[Saved data entries]
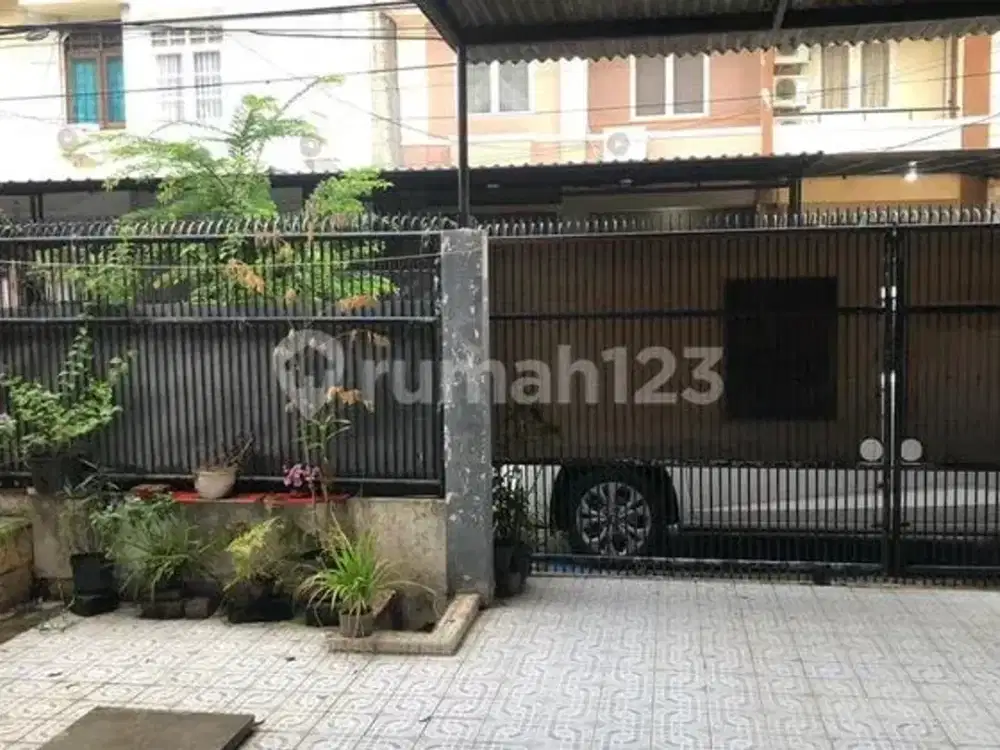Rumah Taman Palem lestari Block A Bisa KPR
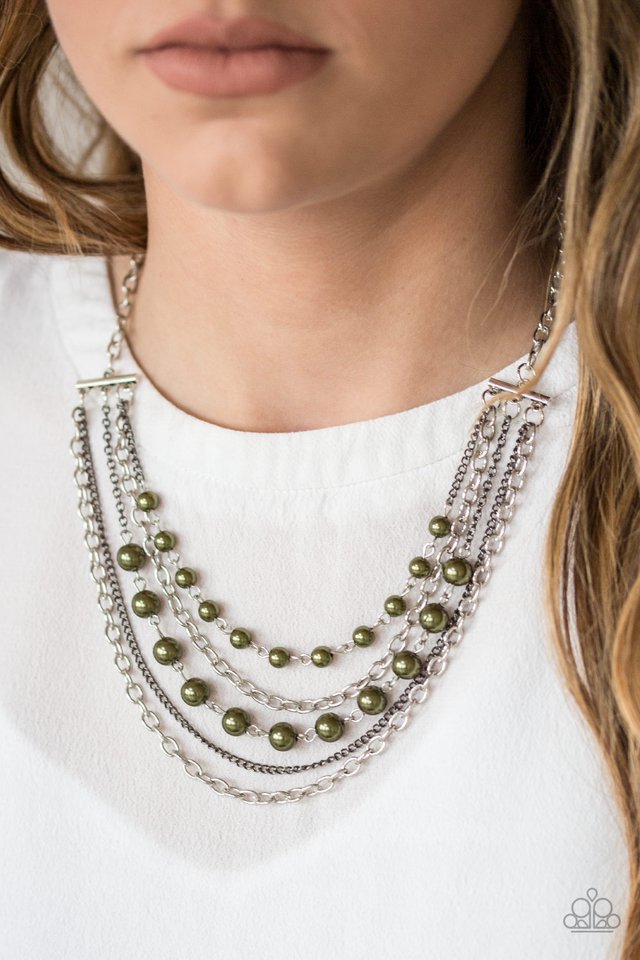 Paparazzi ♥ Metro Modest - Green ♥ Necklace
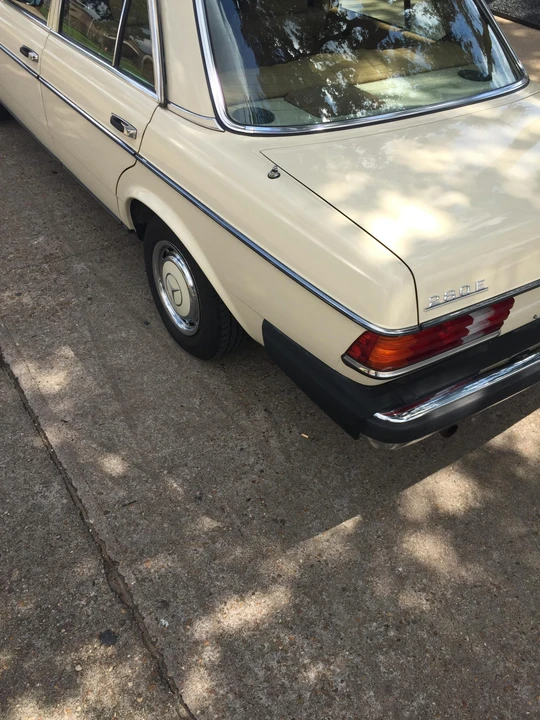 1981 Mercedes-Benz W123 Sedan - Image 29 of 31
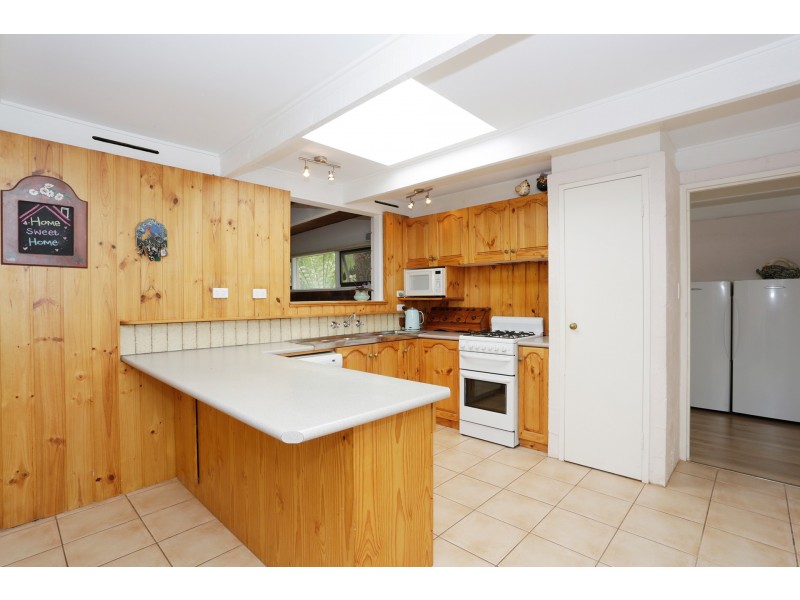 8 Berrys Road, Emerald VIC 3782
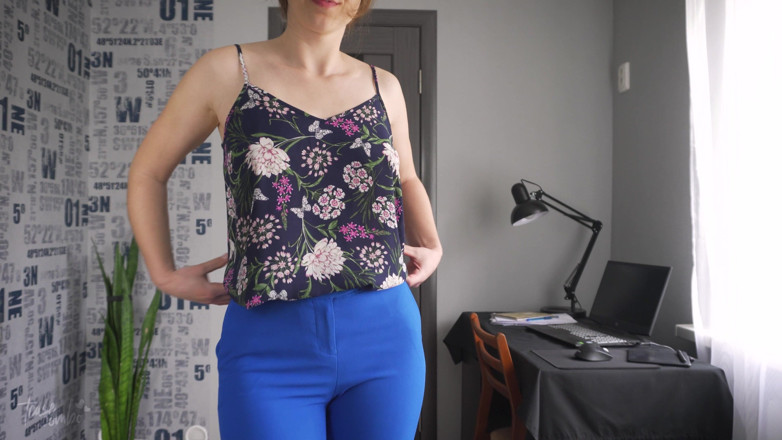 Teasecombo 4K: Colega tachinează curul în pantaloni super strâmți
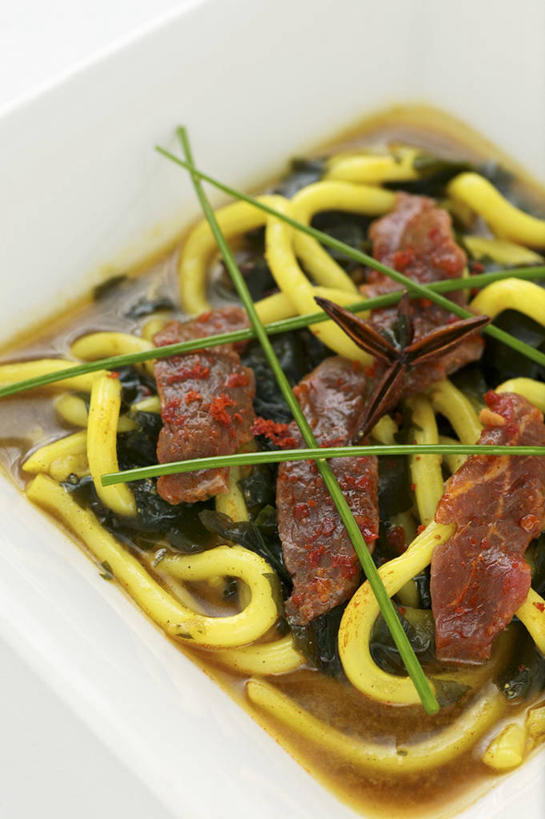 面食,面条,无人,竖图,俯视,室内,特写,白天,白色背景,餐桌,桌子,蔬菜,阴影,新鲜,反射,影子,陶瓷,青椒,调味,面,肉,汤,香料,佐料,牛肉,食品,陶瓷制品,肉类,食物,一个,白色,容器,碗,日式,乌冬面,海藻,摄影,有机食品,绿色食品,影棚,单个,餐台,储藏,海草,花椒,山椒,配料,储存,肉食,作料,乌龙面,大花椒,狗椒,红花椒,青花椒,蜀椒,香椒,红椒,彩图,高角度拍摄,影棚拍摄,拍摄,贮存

*About this task*:
Each line from the one with "1981 Mercedes-Benz W123" through the final line of the records must be copied exactly, with no pictures and no additional lines.

*Solution*:
 1981 Mercedes-Benz W123 Sedan - Image 29 of 31
 8 Berrys Road, Emerald VIC 3782
 Teasecombo 4K: Colega tachinează curul în pantaloni super strâmți
 面食,面条,无人,竖图,俯视,室内,特写,白天,白色背景,餐桌,桌子,蔬菜,阴影,新鲜,反射,影子,陶瓷,青椒,调味,面,肉,汤,香料,佐料,牛肉,食品,陶瓷制品,肉类,食物,一个,白色,容器,碗,日式,乌冬面,海藻,摄影,有机食品,绿色食品,影棚,单个,餐台,储藏,海草,花椒,山椒,配料,储存,肉食,作料,乌龙面,大花椒,狗椒,红花椒,青花椒,蜀椒,香椒,红椒,彩图,高角度拍摄,影棚拍摄,拍摄,贮存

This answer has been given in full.